Übertragen wir das nun auf die Eismassen der Erde – etwa das Eis der Antarktis. Das liegt nahe am Südpol, also nahe an der Erdachse. Wenn es schmilzt, wird es zu Wasser. Dieses Wasser bleibt aber nicht am Südpol, sondern es verteilt sich über die gesamten Weltmeere. Der Meeresspiegel steigt.
Dabei gelangt zumindest ein Teil des Wassers in die Nähe des Äquators. Am Äquator ist das Wasser aber, verglichen mit der Antarktis, relativ weit weg von der Erdachse. Deshalb würde das Gleiche passieren, wie wenn eine Eiskunstläuferin ihre Arme ausstreckt: Die Rotation – in dem Fall der Erde – würde sich etwas verlangsamen.

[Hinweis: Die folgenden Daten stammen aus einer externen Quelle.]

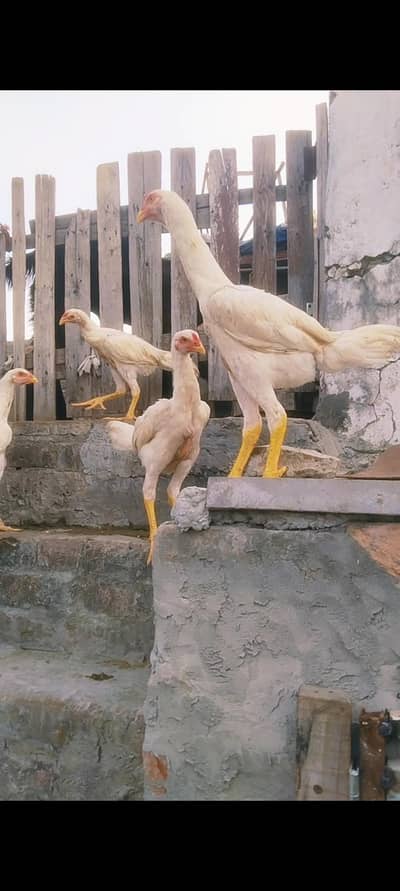 shamo phaty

Landhebung durch Eisschmelze
Dies wird durch einen zweiten Effekt noch verstärkt: Wenn große Gletscher abschmelzen werden auch die darunter liegenden Kontinente von der schweren Eisdecke entlastet. Dann passiert dasselbe wie bei einem Boot, wenn Leute aussteigen oder Fracht abgeladen wird: Es hebt sich – und genauso heben sich die Kontinente, wenn das Eis auf ihnen schmilzt.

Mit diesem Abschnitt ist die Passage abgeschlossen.